By Skye Sherman  •   June 24, 2024

In the modern age, mental health challenges are increasingly prevalent. To combat this, healthcare professionals are exploring innovative ways to improve wellness from the inside out.

Did you know that some doctors in Canada prescribe visits to parks as a way to improve mental health? Outdoor Play Canada writes, “Physicians in British Columbia, Saskatchewan, Manitoba, and Ontario can now prescribe a Parks Canada Discovery Pass to their patients to promote physical and mental health.”

And as the Washington Post puts it, “A trip to the doctor can yield any number of recommendations, including bed rest and medicine. But as of late January, Canadian patients can be sent home with a more novel note: a prescription for a national park pass.”

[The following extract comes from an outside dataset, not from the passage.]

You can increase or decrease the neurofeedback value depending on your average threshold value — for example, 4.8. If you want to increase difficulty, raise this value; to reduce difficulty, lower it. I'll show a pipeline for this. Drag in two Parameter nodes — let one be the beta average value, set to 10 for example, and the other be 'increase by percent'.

In theory, this leverages the therapeutic benefits of nature to enhance mental health. The idea is grounded in the concept that natural environments can significantly impact psychological wellbeing, reduce stress, and lower the risk or prevalence of anxiety and depression while promoting overall mental health.

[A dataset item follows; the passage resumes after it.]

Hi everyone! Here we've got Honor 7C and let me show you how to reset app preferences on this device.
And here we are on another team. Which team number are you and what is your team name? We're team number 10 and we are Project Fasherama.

Read on to learn more about how national park prescriptions might be able to improve mental health.

The science behind mental health and time in nature

The relationship between nature and mental health is well documented. Have you heard of biophilia? This idea suggests that humans have an innate affinity for nature, and being in natural environments can fulfill this intrinsic need.

Go Collette shares the following facts about spending time outside is a great way to improve our mental and physical health:

● “Spending time in nature boosts memory, creativity, and work satisfaction.

● Seniors who live closer to walkable green spaces live longer.

● Spending time in nature decreases the risk of developing heart disease, high blood pressure, and diabetes.

● Ninety percent of us say we’re happier when we’re outside, and stress hormones drop significantly after just 15 minutes of sitting in a forest.”

Studies have shown that spending time in natural settings can lower cortisol levels (cortisol is the stress hormone). Time in nature can also improve mood, enhance cognitive function, and increase feelings of happiness and wellbeing.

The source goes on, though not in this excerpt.